The Conversion Ratio, as calculated in accordance with the Company's articles of incorporation and prospectus dated 26 September 2013 (the "Prospectus"), is 0.8712 Ordinary Shares for every one C Share held as at close on the conversion record date of 24 December 2013. On the basis of the Conversion Ratio, a holder of 1,000 C Shares will receive 871.2 Ordinary Shares ("New Ordinary Shares") upon conversion. The aggregate entitlement of a holder of C Shares to New Ordinary Shares will be rounded down to the nearest whole share. No fractions of New Ordinary Shares will be issued.
The New Ordinary Shares arising on conversion will rank pari passu with, and will have the same rights as, the Ordinary Shares already in issue.
Expected Timetable
The expected timetable for conversion is as follows:
Record date for conversion and closure of C Share register |
5.30 p.m. on 24 December 2013 |
Trading in the C Shares is suspended Listing of the C Shares suspended Conversion Time and dealings in New Ordinary Shares commence |
7.30 a.m. on 31 December 2013 7.30 a.m. on 31 December 3013 8.00 a.m. on 31 December 2013 |
CREST accounts credited with New Ordinary Shares in uncertificated form |
31 December 2013 |
Share certificates in respect of New Ordinary Shares in certificated form dispatched |
By 8 January 2014 |
Listing of the C Shares cancelled |
8.00 a.m. on 30 January 2014 |
A further announcement will be made in due course.
For further information, please contact:
William Simmonds
J.P. Morgan Cazenove
0207 588 2828
Rose Toussaint
+44 (0) 1481 745381
The New Ordinary Shares have not been and will not be registered under the U.S. Securities Act of 1933, as amended (the "Securities Act") or any state securities laws in the United States or under the applicable securities laws of Australia, Canada, Japan, South Africa, Singapore or Hong Kong. Subject to certain exceptions, the Shares may not be offered or sold within Australia, Canada, Japan, South Africa, Singapore or Hong Kong. Further, the New Ordinary Shares may not be offered or sold directly or indirectly in or into the United States, or to or for the account or benefit of any U.S. person (as defined in Regulation S under the Securities Act). The Company has not been and will not be registered under the U.S. Investment Company Act of 1940, as amended (the "Investment Company Act") and investors will not be entitled to the benefits of the Investment Company Act.

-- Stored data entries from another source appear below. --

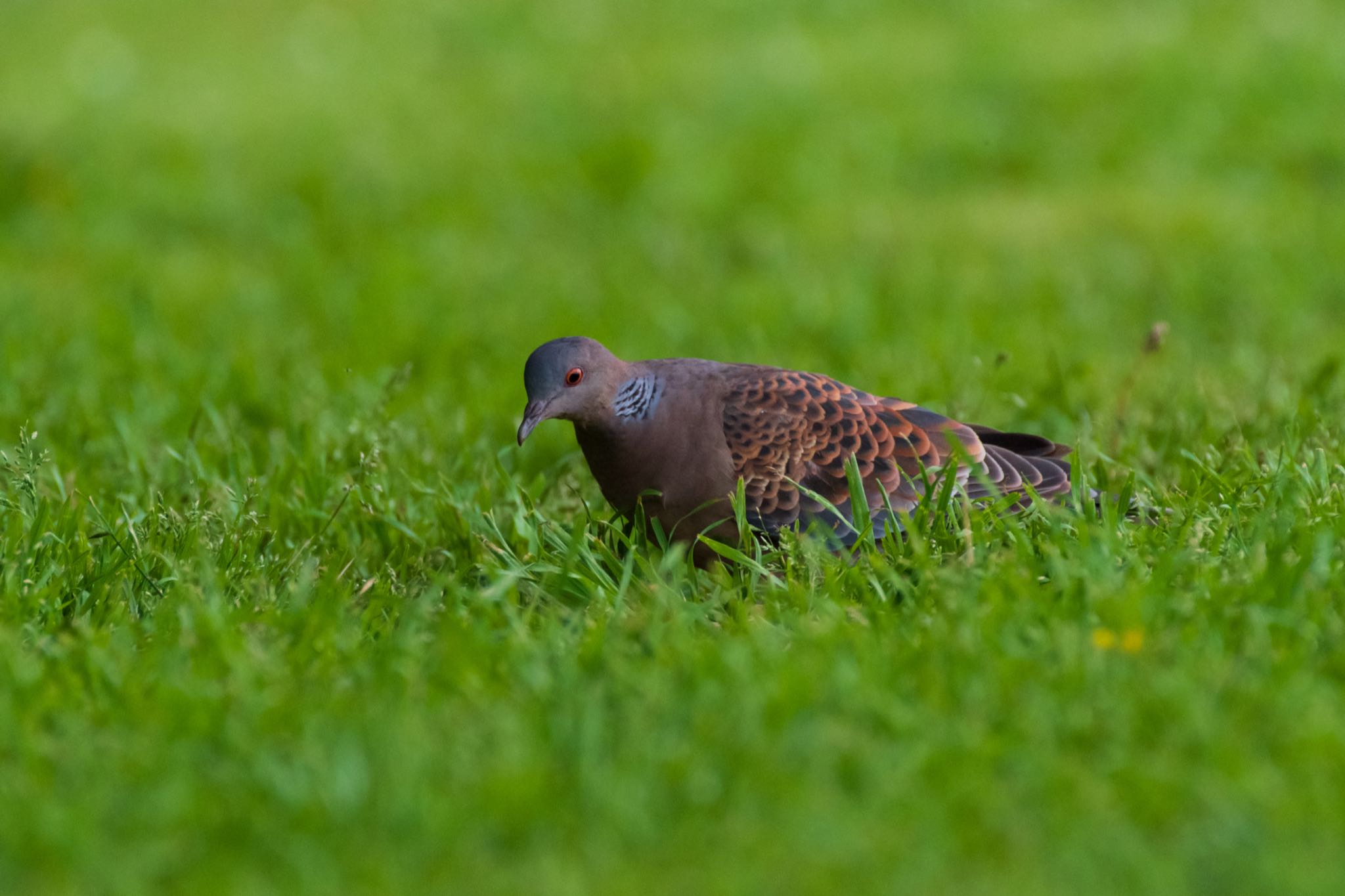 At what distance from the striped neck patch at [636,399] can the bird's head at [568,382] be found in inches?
0.9

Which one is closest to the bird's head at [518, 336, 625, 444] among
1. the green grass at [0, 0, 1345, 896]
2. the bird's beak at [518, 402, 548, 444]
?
the bird's beak at [518, 402, 548, 444]

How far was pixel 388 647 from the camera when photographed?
3143 mm

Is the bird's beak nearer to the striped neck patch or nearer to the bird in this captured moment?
the bird

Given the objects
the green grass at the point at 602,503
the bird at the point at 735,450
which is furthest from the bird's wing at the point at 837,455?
the green grass at the point at 602,503

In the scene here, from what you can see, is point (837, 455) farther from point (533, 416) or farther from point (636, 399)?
point (533, 416)

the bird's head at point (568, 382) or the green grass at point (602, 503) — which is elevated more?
the bird's head at point (568, 382)

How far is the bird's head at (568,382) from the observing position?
379 cm

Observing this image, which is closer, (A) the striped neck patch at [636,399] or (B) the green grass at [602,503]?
(B) the green grass at [602,503]

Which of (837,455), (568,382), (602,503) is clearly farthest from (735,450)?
(602,503)

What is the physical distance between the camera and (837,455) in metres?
3.91

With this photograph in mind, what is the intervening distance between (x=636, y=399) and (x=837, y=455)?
20.5 inches

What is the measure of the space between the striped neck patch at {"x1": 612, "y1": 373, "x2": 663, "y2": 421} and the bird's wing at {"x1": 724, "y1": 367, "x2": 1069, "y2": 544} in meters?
0.20

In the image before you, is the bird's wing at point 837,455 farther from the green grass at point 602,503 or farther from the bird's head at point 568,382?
the bird's head at point 568,382

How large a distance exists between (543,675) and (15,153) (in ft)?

This announcement may not be distributed, directly or indirectly, in or into or from the United States, Australia, Canada, Japan, South Africa, Singapore or Hong Kong or any other jurisdiction where to do so would constitute a violation of the relevant laws of such jurisdiction. This announcement does not constitute or form part of an offer to sell or issue, or any solicitation of an offer to buy or subscribe for, any securities referred to herein in the United States or in any other jurisdiction. The Offer and the distribution of this announcement and other information in connection with the Offer in certain jurisdictions may be restricted by law and persons into whose possession any document or other information referred to herein comes should inform themselves about and observe any such restriction. Any failure to comply with these restrictions may constitute a violation of the securities laws of any such jurisdiction.
The price and value of securities may go up as well as down. Persons needing advice should contact a professional adviser.